Media
Garage Triennial of Russian Contemporary Art, "A Beautiful Night for All the People," installation view
read in source

This Year’s Garage Triennial Was Curated Entirely Through Personal Connections as a Commentary on Russia’s History of Corruption

10 / 11 / 2020
Past participants were asked to invite whomever they wanted to show in the 2020 edition.
The second edition of the Garage Triennial of Russian Contemporary Art opens to the public today at the Garage Museum in Moscow.

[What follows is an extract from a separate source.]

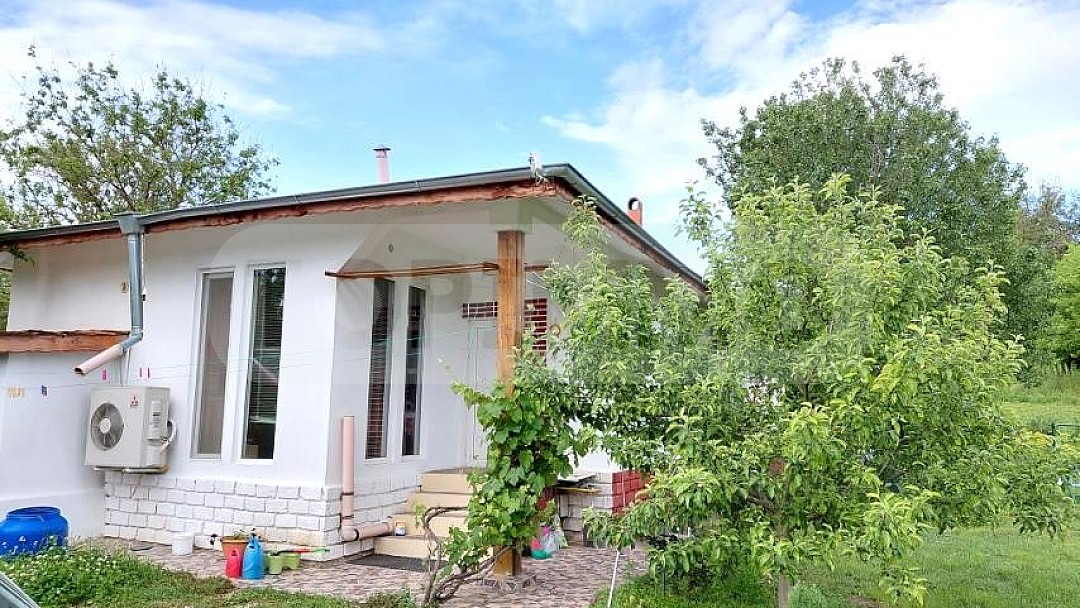 Продава КЪЩА, с. Одринци, област Добрич, снимка 2 - Къщи - 54819833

As you might expect for a country as large and diverse as Russia, putting together an overview of contemporary artistic production is a monumental task. The sprawling inaugural show in 2017 was the result of a crack team of six curators scouring 42 cities and towns across 11 time zones for talent.

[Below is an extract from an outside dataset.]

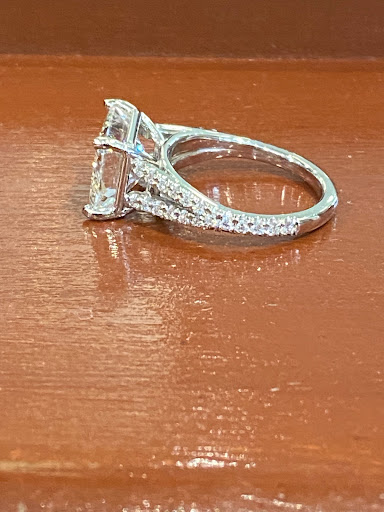 Jewelry Store «NAGI Jewelers», reviews and photos, 828 High Ridge Rd, Stamford, CT 06905, USA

This time, the curators took a more unorthodox approach. Leaning into the geographical spread that informed the inaugural triennial, curators Valentin Diaconov and Anastasia Mityushina asked the more than 60 artists who took part in 2017 to pick the artists for the second edition. Naturally, a number of artists nominated friends and family, while others chose to auction or raffle off the coveted position.

This was all fine with the curators, who asked only that these connections were made explicit, and that selector and selectee worked together on some dimension of the presentation. The results are being published on the triennial’s website, and include strange collaborations such as Maria Alexandrova’s documentation of a long drive to a remote Siberian village with the grandmother of her nominee, Anna Tereshkina, and Roman Mokrov’s chaotic promise to watch the kids while his nominee, his wife Maria Obukhova, worked on her art.